In this notebook, we explore how to use Delta Lake and Apache Iceberg in conjunction with Hive to create a robust data lakehouse architecture. This setup allows for the use of the same shared storage layer for Hive external tables, Delta Lake, and Iceberg tables, thus minimizing the impact on the existing big data environment.

We will demonstrate how to configure Spark to work with both Delta Lake and Apache Iceberg and how to perform data operations that are reflective of real-world data workflows.

### Initial Setup

First, we need to install and configure the necessary libraries and sessions for using Spark, Delta Lake, and Iceberg.

In [None]:
!pip install pyspark==3.1.2 delta-spark iceberg-spark

from pyspark.sql import SparkSession

spark = SparkSession.builder \
    .appName("Delta Lake and Iceberg Integration") \
    .config("spark.jars.packages", 'io.delta:delta-core_2.12:1.0.0,org.apache.iceberg:iceberg-spark3-runtime:0.13.1') \
    .config("spark.sql.extensions", 'org.apache.iceberg.spark.extensions.IcebergSparkSessionExtensions,io.delta.sql.DeltaSparkSessionExtension') \
    .config("spark.sql.catalog.spark_catalog", 'org.apache.spark.sql.delta.catalog.DeltaCatalog,org.apache.iceberg.spark.SparkSessionCatalog') \
    .config("spark.sql.catalog.spark_catalog.type", "hadoop") \
    .master("local[*]") \
    .getOrCreate()


### Creating a Unified Storage Layer

Delta Lake and Apache Iceberg can share the same underlying storage, which can be a HDFS directory, an AWS S3 bucket, or any other storage system compatible with Hadoop.

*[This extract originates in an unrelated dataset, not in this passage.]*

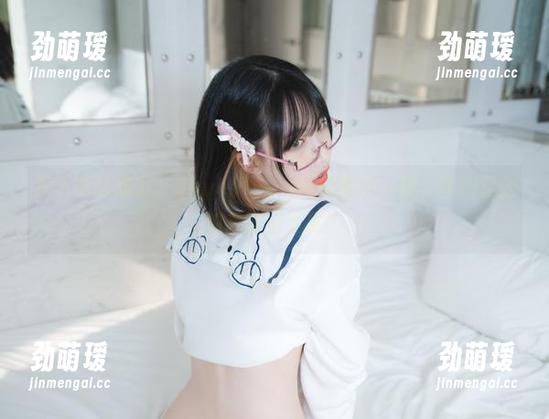 双马尾的魔力：Uhye(이유혜)让你眼前一亮，图册里偷偷藏着什么呢？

This shared access ensures that data managed by Delta Lake or Iceberg can also be accessed as external Hive tables without duplicating data or creating data silos.

### Example: Writing and Reading Data

We will create tables using both Delta Lake and Apache Iceberg, perform write and read operations, and show how these tables can be accessed via Hive.

In [None]:
# Define a path for Delta and Iceberg tables
path = '/tmp/delta_iceberg_tables'

# Creating a Delta Table
df = spark.range(0, 5)
df.write.format('delta').save(path + '/delta_table')

# Creating an Iceberg Table
df.write.format('iceberg').save(path + '/iceberg_table')


### Accessing Data via Hive

With the tables stored in a common directory, we can easily set up external Hive tables pointing to this location. This allows tools that query Hive to access up-to-date data without direct interaction with Delta Lake or Iceberg.

### Conclusion

This integration highlights the flexibility and efficiency of using Delta Lake and Apache Iceberg in a unified architecture. By leveraging a common storage layer and compatible configurations, we can simplify the management of large-scale data environments, enhance performance, and ensure consistency across different data management platforms.